The module --version output just is the following. module --avail, list, load is what is expected.
Modules based on Lua: Version 8.7.32 2023-08-28 12:42 -05:00
by Robert McLay mclay@tacc.utexas.edu
I am using OpenHPC with LMOD, and the lmod.sh withing /etc/profile.d/ file is below. It looks alright to my eye and it has not been messed with so it is the default that comes with.
So running an interactive job on the node is not working as you thought.
I am unable to load any modules because the module command is not available.
I tried putting source /opt/ohpc/admin/lmod/lmod/init/bash >/dev/null but that is not fixing the problem of initializing the module environment.
The lmod.sh script I referenced above was only on the login node, but placing it on the compute nodes now allows me to run an interactive job and then the module command is available. However, when submitting a non-interactive job, my job script error output still comes back with module command not found.

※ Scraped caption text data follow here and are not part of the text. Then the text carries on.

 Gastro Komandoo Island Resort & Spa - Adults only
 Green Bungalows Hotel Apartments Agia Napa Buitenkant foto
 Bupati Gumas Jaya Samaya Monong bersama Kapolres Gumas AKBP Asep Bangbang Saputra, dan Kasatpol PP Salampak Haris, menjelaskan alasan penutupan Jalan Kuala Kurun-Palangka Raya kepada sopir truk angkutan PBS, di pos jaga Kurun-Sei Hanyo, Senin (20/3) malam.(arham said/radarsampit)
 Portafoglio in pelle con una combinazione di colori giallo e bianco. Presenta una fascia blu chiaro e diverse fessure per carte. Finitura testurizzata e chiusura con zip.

My suggestion: Make a copy of /etc/profile.d/lmod.sh, but remove the three lines mentioned above:
if [ -n “$SLURM_NODELIST” ] || [ -n “$PBS_NODEFILE” ]; then
return
fi
Then, at the start of your pbs script source that copy:
source my_lmod.sh
What is happening is that lmod is expecting PBS to forward your entire environment when you qsub the job. This is not default behavior, but you can force it by adding -V to the qsub arguments. However, because no other shell startup scripts have a similar behavior, you’ll end up with a mixture of the qsub environment and the node environment.